Electrolux 15m rebrand applies the science of consumer need

Electrolux, the world’s largest appliances group, is doubling its advertising spend to 15m as part of a new strategy intended to put marketing and brand communications at the heart of the company.

The overhaul will include major campaigns for the company’s three key UK brands/ Electrolux, AEG and Zanussi. According to Electrolux, 90% of its sales this year will be from these brands. It will also continue its co-branding exercise, launched in 2003, to strengthen consumer awareness of the Electrolux brand.

AEG will continue to be positioned as a premium brand, aimed at AB consumers aged over 30. It will have the strapline Perfekt in Form und Funktion to emphasise its German credentials in design and innovation. Unusually for a white goods brand, it will be supported by a cinema campaign. The ads, which will break in May, will support its “silent kitchen” theme and its aspirational positioning.

Zanussi – the company’s leading UK brand – will have its “Appliance of Science” strapline reintroduced. Electrolux brand and marketing director Andy Mackay says the line, which was scrapped six years ago, is iconic. He would not be drawn on details of the advertising, which will be the first work developed by new agency Bartle Bogle Hegarty (MW October 20, 2005), but he says it will be “bold” and is set to break in May.

The real star of the new strategy will be the Electrolux parent brand, which will receive a majority of the ad spend. In March, it will launch the strapline “Thinking of You”, to replace “Makes Life a Little Easier”. The new line, developed by Lowe Sweden, reflects the company’s view on new product development, which will focus on consumer insight.

Mackay says Thinking of You “presents the business as being in harmony with consumers”. He points to a new washing machine in the Insight range as a key example of how consumer needs are driving innovation. It has an eight-kilo drum but is still the same size as an ordinary washing machine. It can do more washing but does not take up more space – good for consumers who have a small kitchen and no utility room, he says.

There will be a heavyweight advertising campaign including television and press to highlight how such insights have informed the development of new products.

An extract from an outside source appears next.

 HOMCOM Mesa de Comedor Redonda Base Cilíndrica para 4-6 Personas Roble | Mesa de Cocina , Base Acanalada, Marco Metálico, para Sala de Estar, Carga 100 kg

Electrolux’s increased focus on marketing is a significant move in a sector where sales are motivated by appliance breakdowns and decisions are based on price. Mackay says: “It heralds a big change for the company; we have almost been too inward-looking. We’ve been making and selling products rather than understanding consumers first.”

A former marketing director at a major appliances company believes the co-branding strategy has already weakened the Zanussi and AEG brands because Electrolux is “the weakest in the stable”. He adds: “Spending across a number of brands and categories means the spend is very small. It might be better to focus on fewer products rather than take a scattergun approach.”

The challenge for white goods manufacturers is how to build brands consumers can identify with. Interbrand executive director Graham Hales says Electrolux’s new strategy “has to be lauded. So much product development is through the advancement of technology rather than a real consumer need.”

But he warns the strapline could be hard to live up to. He explains: “This has to drive behavioural change through the company.”